Les gardes nationaux traversèrent alors la place, puis, parvenus à l’entrée de l’avenue Victoria, adossés contre le bâtiment municipal qui formait l’annexe de l’hôtel de ville, ils s’arrêtèrent, firent demi-tour à gauche, épaulèrent, et répondirent à l’attaque par un feu de peloton.

Jamais je n’ai vu un mouvement accompli avec plus de sangfroid et une plus merveilleuse rectitude, et il me causa une véritable admiration, même à ce moment d’indignation et de trouble.

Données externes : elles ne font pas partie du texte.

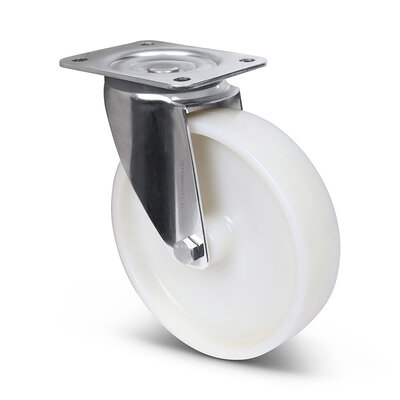Rvs zwenkwiel 200 mm - Nylon - 500 kg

Après cette décharge, les gardes nationaux s’embusquèrent de côté et d’autre, et, pendant une demi-heure, ce fut un feu roulant, puis les coups cessèrent, et tout rentra dans le silence[2].

Tel fut le 22 janvier.

Cela pouvait déjà donner un avant-goût des journées de mai. C’était la petite pièce qui précède la grande ; le lever de rideau, en attendant le drame.

Eh bien, comme témoin oculaire, présent sur le lieu de l’action, en ayant suivi toutes les péripéties, je déclare que cette effroyable fusillade

  1. Il y eut une cinquantaine de blessés et de morts, parmi lesquels le commandant Sapia, républicain dévoué, qu’il ne faut pas confondre avec son homonyme, l’agent bonapartiste dévoilé au procès de Bourges.
  2. Il y eut une ébauche de barricade, faîte, rue de Rivoli, avec trois omnibus renversés par les gardes nationaux que commandait Razoua.

    Le héros de la journée fut le citoyen Malézieux, aujourd’hui condamné à la déportation dans une enceinte fortifié.

    Invulnérable au milieu d’une grêle de balles, il resta le dernier sur la place, après avoir brûlé ses quatre-vingts cartouches. Sa capote était trouée en plusieurs endroits, mais il ne fut ni blessé, ni pris.